§ **RECORDS SHOWN**:

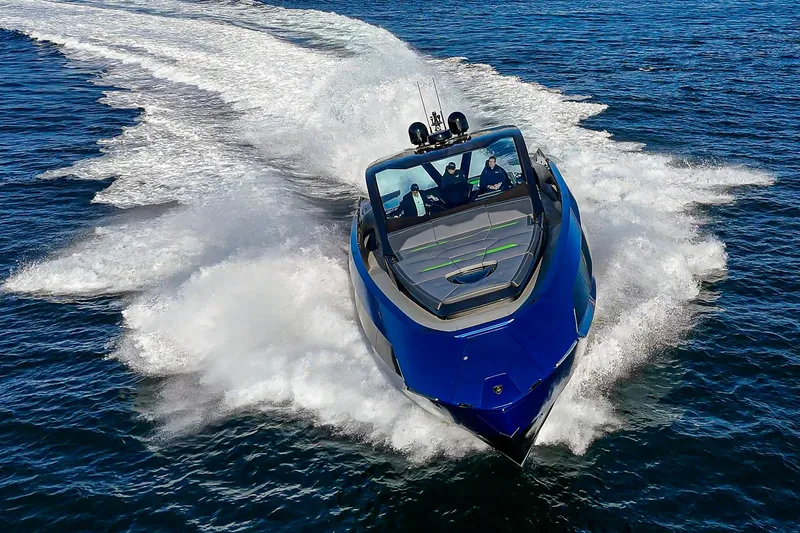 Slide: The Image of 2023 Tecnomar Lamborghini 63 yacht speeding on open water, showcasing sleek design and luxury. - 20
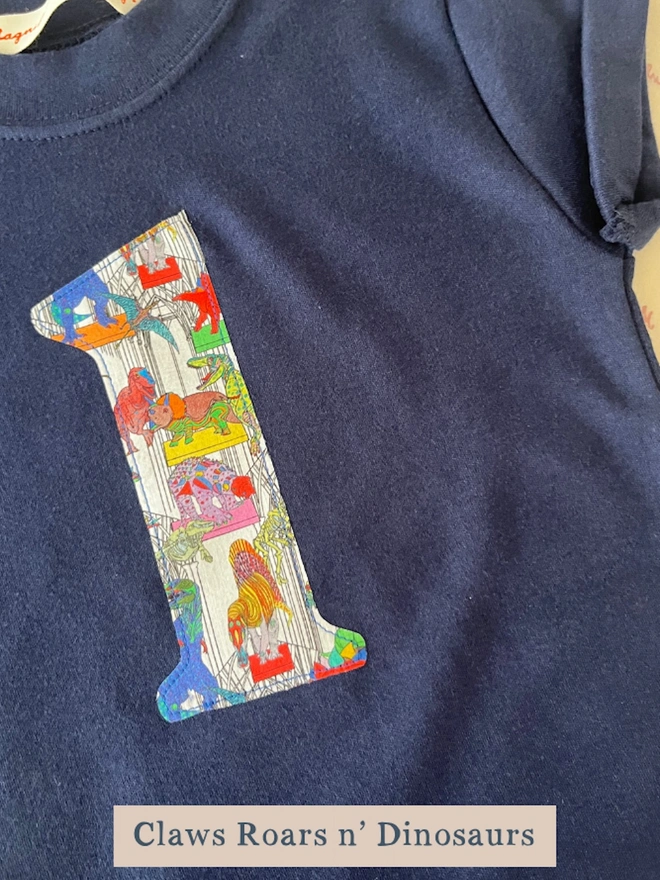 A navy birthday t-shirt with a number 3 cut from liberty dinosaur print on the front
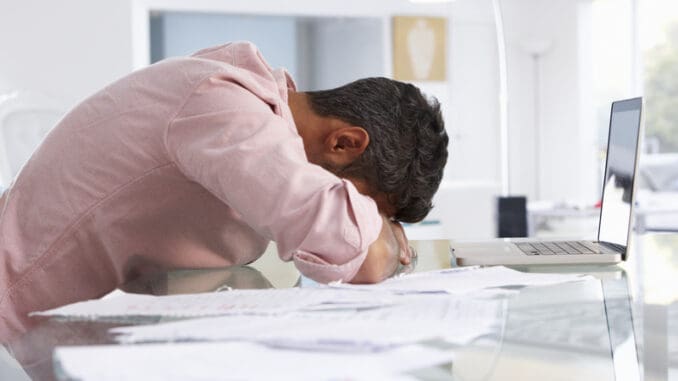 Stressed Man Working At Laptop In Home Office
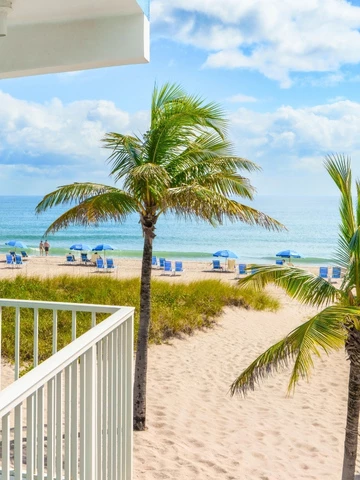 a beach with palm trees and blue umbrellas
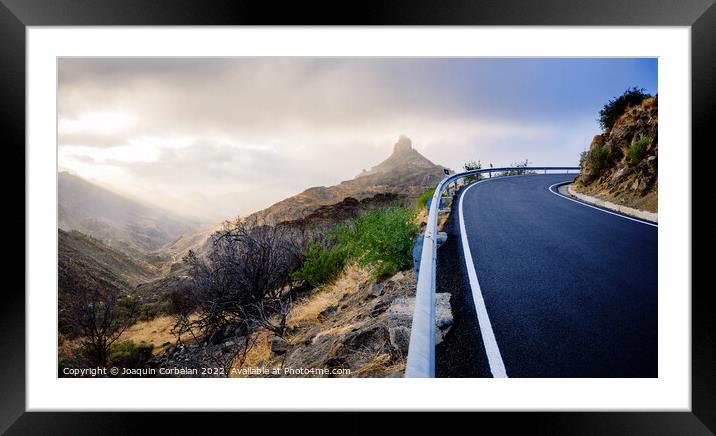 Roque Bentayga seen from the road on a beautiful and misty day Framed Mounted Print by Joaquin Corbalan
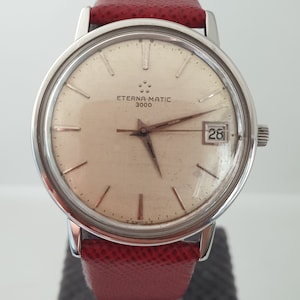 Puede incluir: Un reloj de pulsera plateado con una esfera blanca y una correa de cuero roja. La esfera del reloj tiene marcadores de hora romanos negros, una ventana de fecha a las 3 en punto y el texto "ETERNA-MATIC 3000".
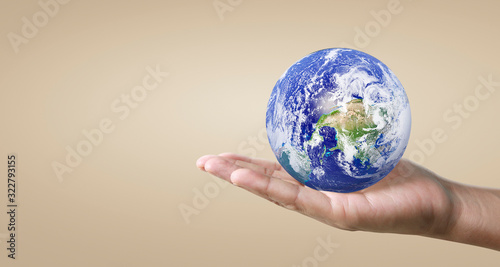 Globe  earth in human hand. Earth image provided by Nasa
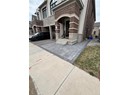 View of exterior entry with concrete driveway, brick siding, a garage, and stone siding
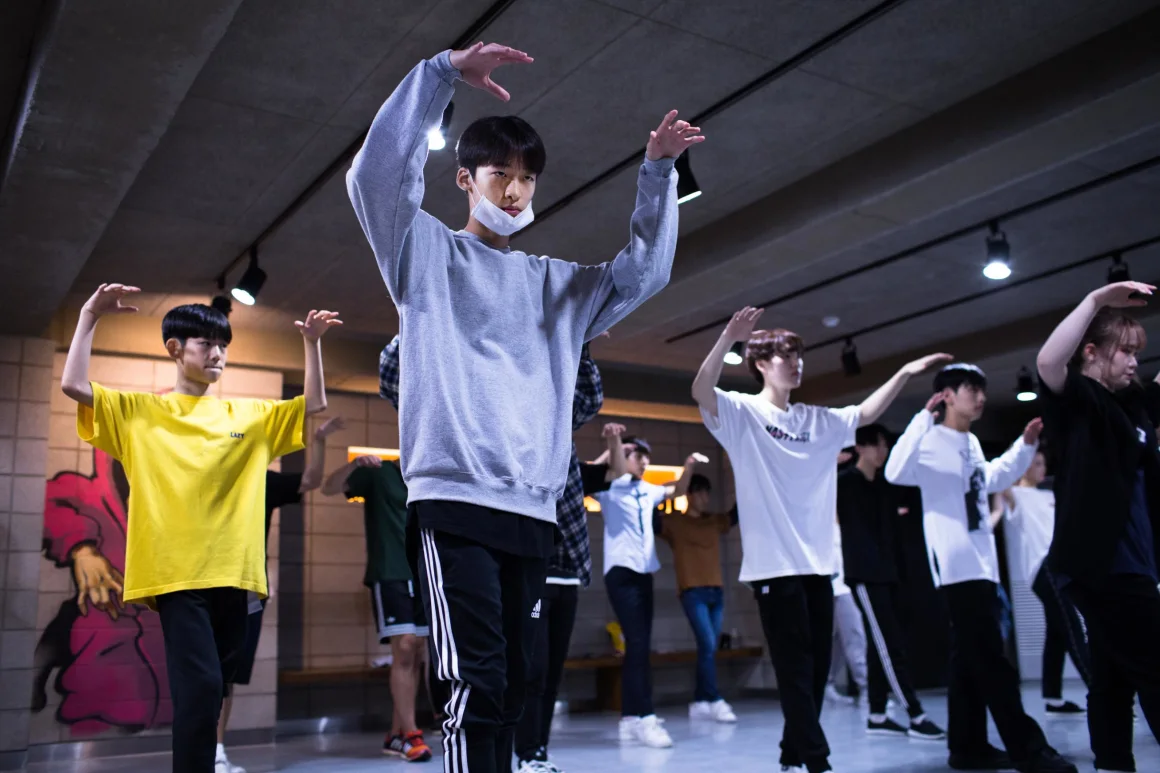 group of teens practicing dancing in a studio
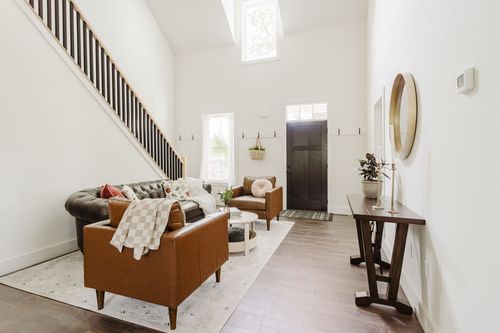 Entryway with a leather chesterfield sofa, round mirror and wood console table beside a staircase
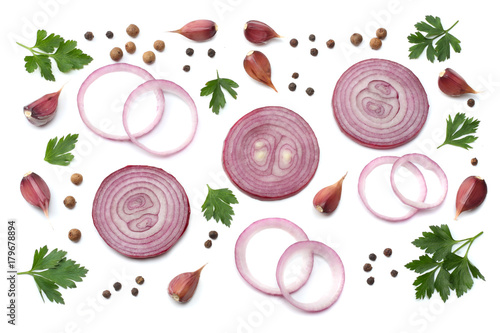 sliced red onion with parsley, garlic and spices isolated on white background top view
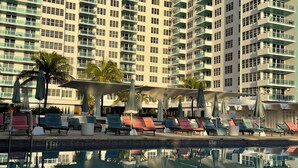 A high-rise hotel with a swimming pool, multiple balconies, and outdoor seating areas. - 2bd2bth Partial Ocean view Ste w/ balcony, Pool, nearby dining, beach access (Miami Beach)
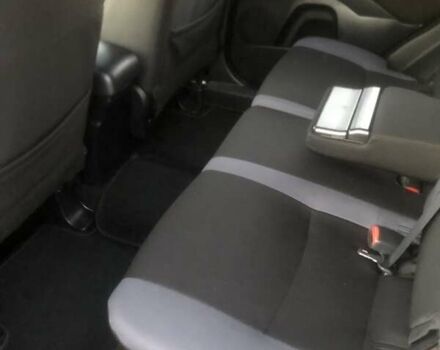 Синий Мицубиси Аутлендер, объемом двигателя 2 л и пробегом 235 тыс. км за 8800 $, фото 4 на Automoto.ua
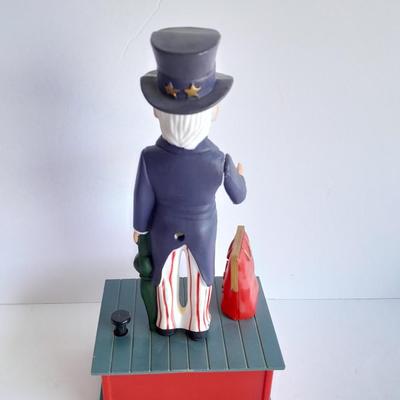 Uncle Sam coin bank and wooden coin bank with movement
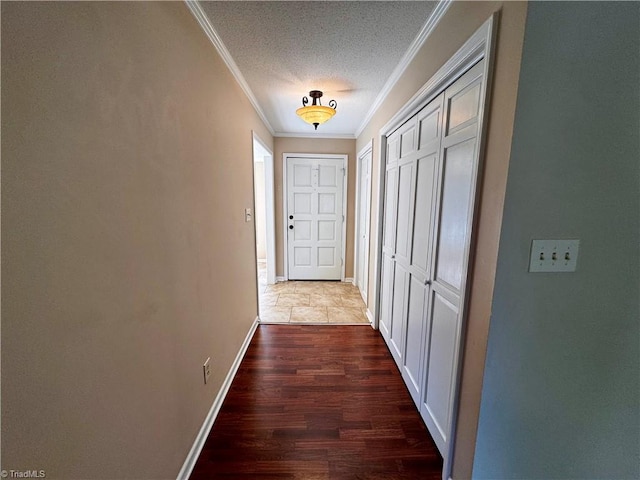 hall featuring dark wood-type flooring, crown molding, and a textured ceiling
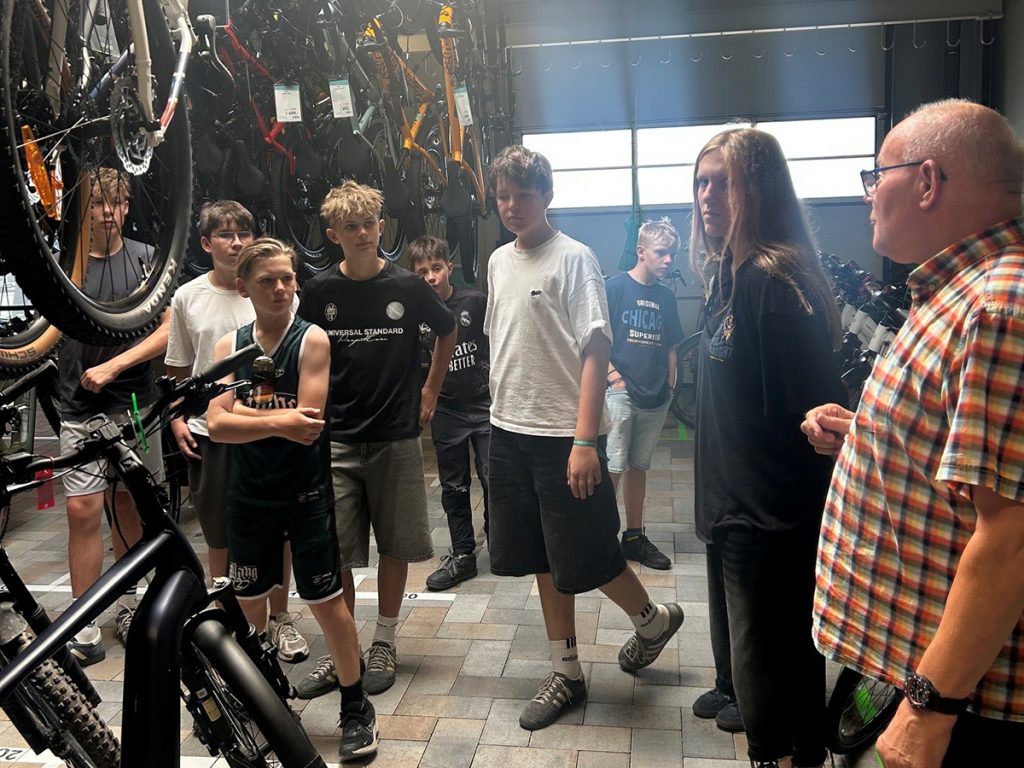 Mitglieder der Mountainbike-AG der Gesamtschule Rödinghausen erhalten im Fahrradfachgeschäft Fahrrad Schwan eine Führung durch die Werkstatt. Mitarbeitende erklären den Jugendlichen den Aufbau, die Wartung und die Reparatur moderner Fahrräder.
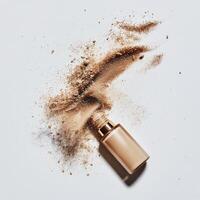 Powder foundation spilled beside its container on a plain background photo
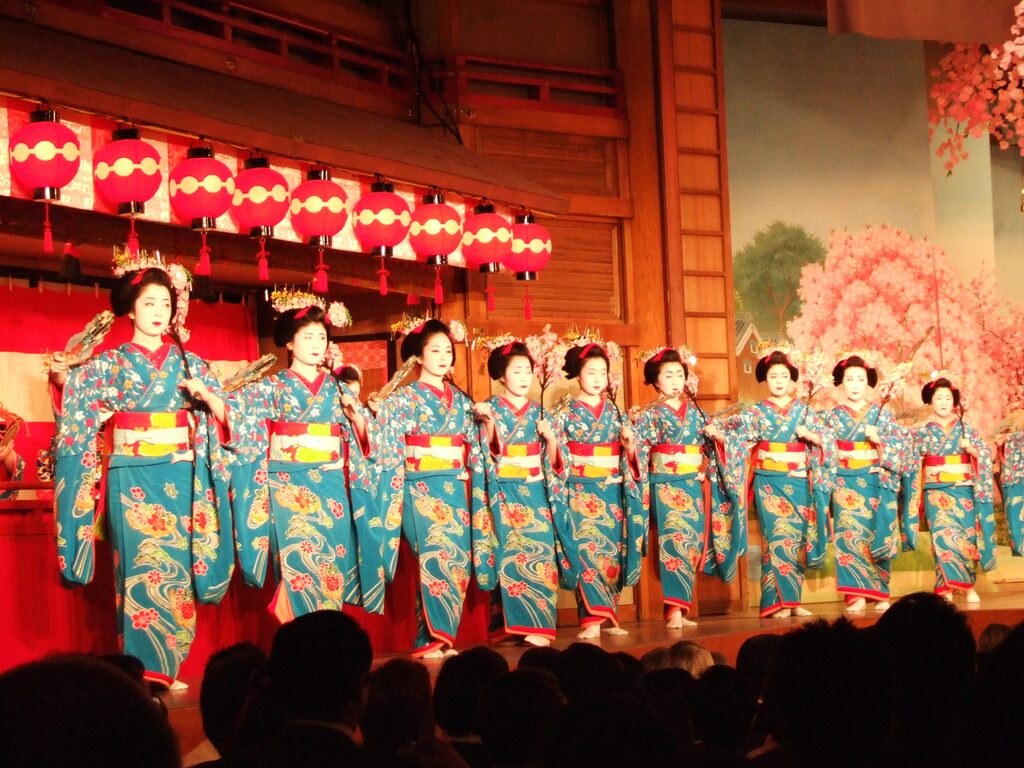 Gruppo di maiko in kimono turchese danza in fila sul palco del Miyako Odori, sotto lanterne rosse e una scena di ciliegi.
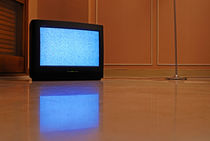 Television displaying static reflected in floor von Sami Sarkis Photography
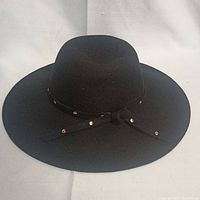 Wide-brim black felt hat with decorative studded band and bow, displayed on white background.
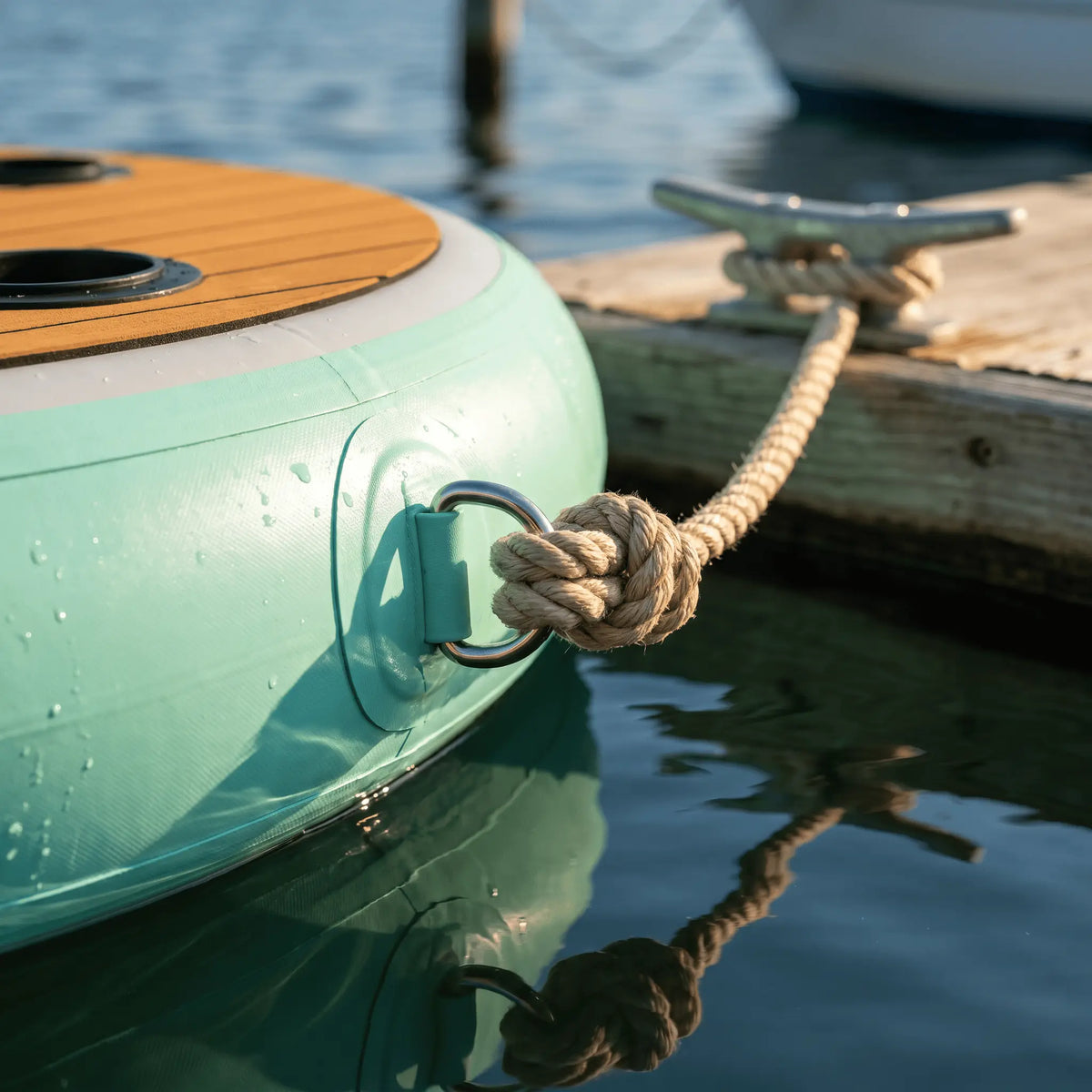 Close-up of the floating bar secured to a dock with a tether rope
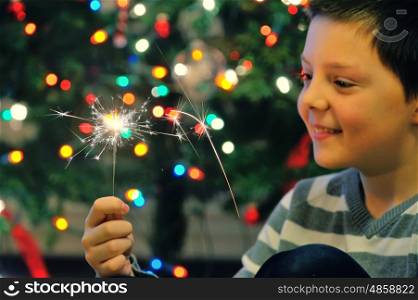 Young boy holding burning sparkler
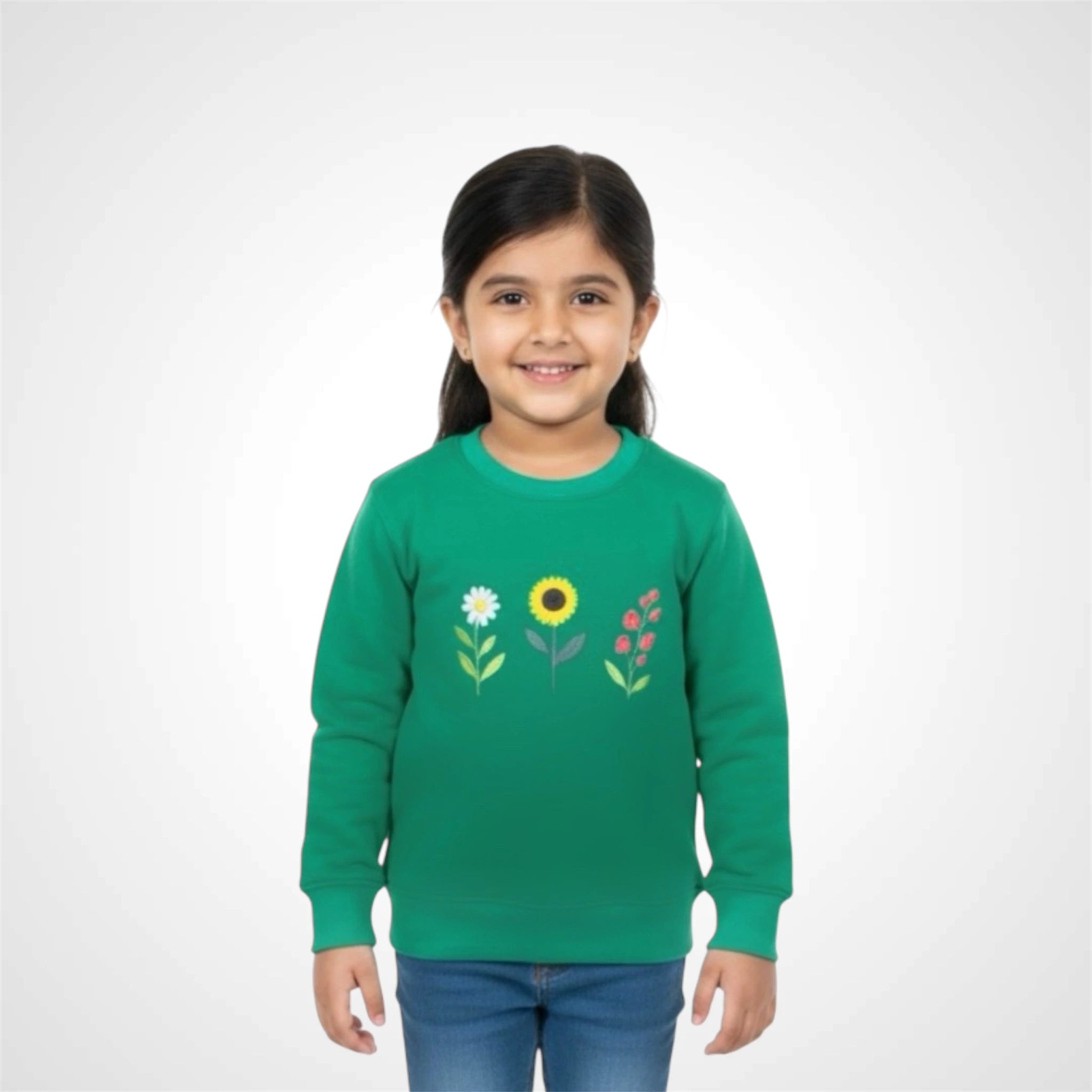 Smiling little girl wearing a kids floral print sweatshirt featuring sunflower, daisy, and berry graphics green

§ **WHAT IS NEEDED**:
Leave out the pictures and return, exactly as written, only the lines from the line with "Wide-brim black felt" through the end of the records above.

§ **WRITTEN ANSWER**:
 Wide-brim black felt hat with decorative studded band and bow, displayed on white background.
 Close-up of the floating bar secured to a dock with a tether rope
 Young boy holding burning sparkler
 Smiling little girl wearing a kids floral print sweatshirt featuring sunflower, daisy, and berry graphics green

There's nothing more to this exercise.